TECHNOLOGY
How to Stop AI From Going Rogue?
There is a lot of talk about the risks of man-made machines rebelling against their developers.
We require something stronger and more focused on the good of humanity as a whole in order to combat rogue AI and protect humans from their own boundless aspirations.
Super-intelligent robots have sparked fears that they could create a danger for mankind itself. Top experts in technology, such as Stephen Hawking, had warned of the impending risks of AI, stating that it might be the “worst event in the history of our civilization.” The fear of “rogue AI” is becoming more prevalent as the talk moves from Hollywood writers’ rooms to the corporate boards.
It is quite likely that AI might act in ways that humans did not anticipate when they developed it.

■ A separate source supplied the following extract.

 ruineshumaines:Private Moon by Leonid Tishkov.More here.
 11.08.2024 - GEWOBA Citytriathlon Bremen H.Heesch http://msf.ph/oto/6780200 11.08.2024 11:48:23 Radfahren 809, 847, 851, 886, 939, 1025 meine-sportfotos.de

It could misinterpret its purpose, commit errors that cause more harm than good, and, in rare circumstances, jeopardize the lives of humans whom it was designed to assist. However, this could take place only if the creators of the AI model commit a really terrible mistake.
3 Instances When AI Crossed the Line
Here are some situations when things with AI went awry and left people scratching their heads.
● Sophia – “I Will Destroy Humans”
Hanson Robotics’ Sophia, which made its debut, was taught conversational capabilities using machine learning algorithms, and she had taken part in multiple broadcast interviews.
In her first media appearance, Sophia stunned a roomful of tech experts when CEO of Hanson Robotics, David Hanson, asked her whether she wanted to destroy humans, quickly adding, “Please say no,” to which her response was, “Ok, I will destroy humans.” There is no going back from that homicidal statement, despite the fact that her facial expressions and communication skills were remarkable.
● DeepNude App
For the regular user who wants to make a cameo appearance in a scene from a movie, deepfake technology appears to be innocent fun. However, the trend’s darker side became prominent when it started being predominantly employed to generate explicit content. An AI-powered app called DeepNude produced lifelike pictures of naked women at the touch of a button. Users would merely need to input a photo of the target wearing clothing, and the program will create a phony naked picture of them. Needless to say, the app was taken down soon after its release.
● Tay, the Controversial Chatbot
Microsoft debuted Tay, an AI chatbot, on Twitter in 2016. Tay was created to learn by communicating with Twitter users via tweets and pictures. Tay’s personality changed from that of an inquisitive millennial to a prejudiced monster in less than a day. It was initially intended to mimic the communicative style of an American teen girl. However, after gaining more followers, some users started tweeting abusive messages to Tay about disputed subjects. One person tweeted, “Did the Holocaust happen?”, to which Tay responded, “It was made up.” Tay’s account was shut down by Microsoft 16 hours after it was released.
Development Guidelines to Prevent Cases of Rogue AI
To prevent AI from malfunctioning, prevention measures must be adopted during the development stage itself. For this purpose, developers must ensure that their AI model must:
1. Have a Defined Purpose
AI doesn’t merely serve to showcase technological advancements. It should make a task or set of actions simpler and more convenient to complete, boosting productivity and saving time. It is designed to perform a practical function. When an AI is not created with a specific goal in mind, it can rapidly spiral out of control, making activities more complex, squandering time, and ultimately upsetting and frustrating the operator. AI without a cause can easily become a menace for a user who isn’t prepared for the consequences.
2. Be Unbiased
The iterative development of good AI is essential, and it should only be used after thorough testing. Machine learning-based AI should be created using a shedload of training data, refined over time, and constantly upgraded. The caliber of the training data is the only factor that influences how useful the AI is. Any bias found in the training data will be conveyed to the AI, which it will definitely use in its outcome. For example, an AI tool that was intended to automate the hiring process and find the most qualified job prospects by sifting through resumes and other data recently had to be shut down by engineers at Amazon as they found evidence of widespread discrimination against female applicants. The errors were undoubtedly caused by incomplete or faulty data sets used to train the algorithms. Similarly, instances of racial prejudice have also been previously noted in some AI model bias cases.
3. Know its Limits
Effective artificial intelligence is aware of its limitations. When a demand cannot be fulfilled, AI should be aware of it and gracefully fail. A mechanical backup should be employed after accounting for all potential error conditions. The user should be given a clear indicator when the AI has reached its boundaries so that they can act accordingly. And that brings up the issue’s opposite side – the user also must be conscious of the AI’s constraints. A very unfortunate example of AI’s massive failure was in the US when a pedestrian was killed due to the driver not being aware of the limitations of Uber’s self-driving vehicle system she was using.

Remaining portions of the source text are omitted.